Que se passera-t-il si les investissements suisses n'atteignent pas deux cents milliards de dollars en 2030?
Il est trop tôt pour le dire. Ce sont des éléments qui devront être discutés dans le cadre des négociations entre les deux pays. Ce qu'on peut dire à ce stade, c'est que de grandes entreprises suisses, notamment à Genève et à Bâle, sont très intéressées à accroître leurs investissements aux Etats-Unis. Certains projets sont déjà en cours de réalisation. L'évolution des investissements dépendra aussi de l'évolution économique des Etats-Unis: plus elle sera positive, plus les entreprises seront incitées à les accroître. Une autre salve de critiques vise les contingents exempts de droits de douane que la Suisse introduira pour le bœuf et la volaille étasuniens. Or, ce pays autorise le bœuf aux hormones et le poulet lavé au chlore. Il faut remettre les choses dans leur contexte. Ces quotas représentent 0,7% de la consommation de viande en Suisse, qui est tendanciellement en diminution. C'est donc une part infime du marché. Il n'est d'ailleurs pas garanti que ces quotas supplémentaires seront alloués à du bœuf élevé aux hormones ou du poulet lavé au chlore. La Suisse est un marché intéressant pour les produits de haut de gamme, qui ne font pas forcément appel à ces méthodes. Enfin, il faut respecter le choix des consommateurs. Ces produits seront étiquetés et chacun sera libre de les acheter ou non. Des milliers de touristes suisses visitent chaque année les Etats-Unis et y consomment de la viande de bœuf ou du poulet américains. C'est leur choix, et il faut le respecter.

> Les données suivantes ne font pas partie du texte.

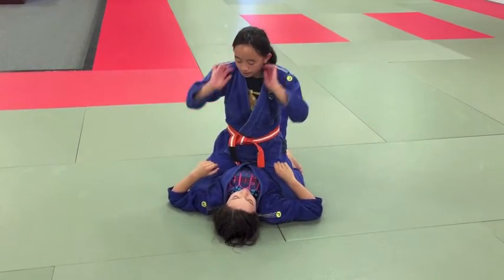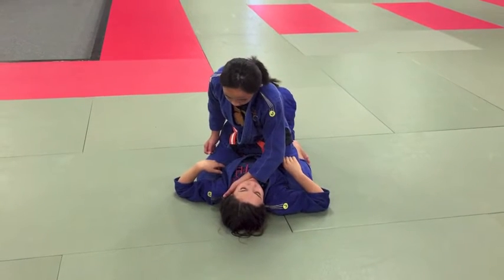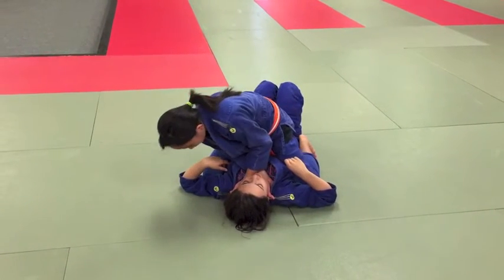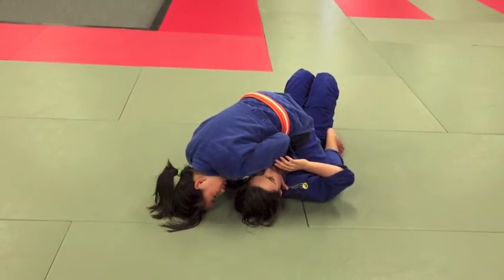I'm going to do a cross choke from Mount. First, I'm going to put my hand in her collar deep, use my wrist to raise her chin so the other hand can come in deep also. Then I'm going to put my head to the floor and pull my shoulders and arms back.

La Suisse devrait avoir un plan B, estimait récemment l'historien Joseph De Weck. Qu’en pensez-vous?
Nous sommes déjà dans le plan B, avec des droits de douane à 39%, des milliers d'emplois perdus dans l'industrie et le risque de devoir abattre des milliers de vaches si les exportations de Gruyère vers les Etats-Unis ne reprennent pas. Cela dit, il est clair qu'il faut continuer à diversifier nos exportations, notamment avec des accords de libre-échange. Nous pouvons aussi améliorer nos conditions cadre, notamment en réduisant la bureaucratie. Aucun marché n'est cependant en mesure de remplacer les Etats-Unis, qui constituent notre deuxième partenaire commercial après l'Union européenne. Nous devons définir les priorités. A court terme, il s'agit de faire baisser les droits de douane à 15%, ce qui devrait être fait tout prochainement (l'interview a été réalisée le 3 décembre - ndlr). Faudra-t-il concéder quelque chose en échange? Oui. Ces concessions seront-elles disproportionnées? Non. A moyen terme, nous devons négocier le meilleur accord possible avec les Etats-Unis. Je suis optimiste. Ils n'ont pas une hostilité particulière envers la Suisse et nos relations mutuelles leur sont aussi très profitables. Nos machines de très haut niveau technologique, par exemple, aident leurs entreprises à être plus performantes et nos investissements y créent beaucoup d'emplois à haute valeur ajoutée. A long terme, enfin, nous devons résister à la tentation de subventionner nos entreprises exportatrices, comme le font d'autres pays. On observe au niveau international un mouvement de fond contre ce qu'on appelle les pratiques commerciales déloyales, et ces subventions en font partie. Des mesures pourraient être prises pour les sanctionner. La Suisse, si elle reste fidèle à sa ligne, n'y sera pas exposée.